Hanzo nodded and sighed, “can we do that after I’ve slept a few hours?”
“Yes, I will take her and come back.” He walked over to Ashe and checked her for weapons before the four of them all got her into Genji’s rental car. Once they were ready to go, the sun peaking over the horizon, Genji snapped the sun blockers on the windows and grabbed Hanzo, pulling him aside before he left. “ What should I tell the authorities about you? Mom and Dad are looking. ”
“ You should tell the authorities the truth. She killed me after leading me into a trap. ” Hanzo glanced at the sun, “ Well, I guess that is only the half truth. ”
Genji frowned and nodded carefully, glancing at McCree and Ana over Hanzo’s shoulders, “ you’ve been turned, you know I am supposed to ask if you want me to kill you. ”
“ Are you going to try if I say no ?” Hanzo looked at his brother carefully, but Genji just laughed and shook his head.
“ No, Hanzo. I think you maybe belong here .” Genji laughed at him quickly, it must have been the look on his face since Hanzo felt his face get warm.
“ Shut up, go. Go before I decide I don’t want you to come back .” Hanzo pointed at the car and Genji just nodded, holding his stomach as he continued to laugh. “ Get .”
“ Okay, okay. I’m going. ” Genji wiped the tears from under his eyes and turned to McCree and Ana, bowing politely before he got into his car and left with Ashe.
“Why was he laughin’ so much?” McCree asked as Ana excused herself to care for the horses so they could go inside. Hanzo just shook his head and quickly made his way towards his bedroom.
“He is an idiot.” Hanzo watched McCree pause to unlock the front door, most likely so he could leave it open for Genji. “Are you okay?”
McCree nodded, and to Hanzo’s surprise, he drew Hanzo in close, hugging him around his shoulders and squeezing him tight. “I was afraid you’d be dead before I found you.”
Hanzo felt himself shake slightly, his body naturally sinking into McCree’s as he wrapped his arms around McCree’s back tightly. His fingers found their way into McCree’s shirt, gripping the fabric and letting himself go for a moment. McCree wanted him there, so he pressed himself into McCree and remembered the way McCree had leaned into him the night they were drunk together, it felt so long ago, but Hanzo knew it really was only a day or so now.
“I was afraid I wasn’t going to make it back to you.” Hanzo clung to McCree, but he let himself be pulled back, McCree’s hand finding his face.
“Hey, it’s okay. We’re both here now.” McCree ran his thumb over Hanzo’s cheek gently, “and covered in dirt.”
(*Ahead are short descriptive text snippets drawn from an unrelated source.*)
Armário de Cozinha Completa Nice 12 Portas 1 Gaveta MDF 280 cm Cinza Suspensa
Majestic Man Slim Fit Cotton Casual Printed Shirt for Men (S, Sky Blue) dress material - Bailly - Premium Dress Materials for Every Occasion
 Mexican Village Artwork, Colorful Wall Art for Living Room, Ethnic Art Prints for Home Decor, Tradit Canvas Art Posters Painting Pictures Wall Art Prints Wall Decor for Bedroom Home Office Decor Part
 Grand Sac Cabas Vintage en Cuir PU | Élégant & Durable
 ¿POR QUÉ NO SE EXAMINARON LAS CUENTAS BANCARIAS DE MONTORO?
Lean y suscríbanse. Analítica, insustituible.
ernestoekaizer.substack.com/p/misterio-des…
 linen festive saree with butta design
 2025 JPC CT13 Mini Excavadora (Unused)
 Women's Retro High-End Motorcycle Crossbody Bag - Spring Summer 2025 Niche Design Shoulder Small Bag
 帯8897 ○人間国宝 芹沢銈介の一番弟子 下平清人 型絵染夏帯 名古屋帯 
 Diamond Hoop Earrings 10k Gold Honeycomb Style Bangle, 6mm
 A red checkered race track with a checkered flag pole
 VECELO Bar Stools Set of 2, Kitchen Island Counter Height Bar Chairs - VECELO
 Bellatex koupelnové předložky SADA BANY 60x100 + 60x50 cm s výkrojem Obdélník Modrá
Hanzo sighed, “I am going to shower before I sleep.”
McCree nodded a bit, “I’ll shower after you.”
“Are you going to sleep? You’ve been up all night.” Hanzo loosened his grip on McCree as he nodded. “Sleep in my room?”
“Yeah.” McCree smiled, “shower first.”
McCree crawled into bed with Hanzo, his hair still a bit wet and his body aching for sleep. He owed Hanzo an explanation though, and he had so much he wanted to say. Hanzo pulled him in close though, wrapping his arms around McCree in lieu of talking, at least for a little while. It was probably only a few minutes before he pressed his nose into McCree’s hair and breathed him in for a moment. When he pulled back, McCree could tell he had the question on his lips.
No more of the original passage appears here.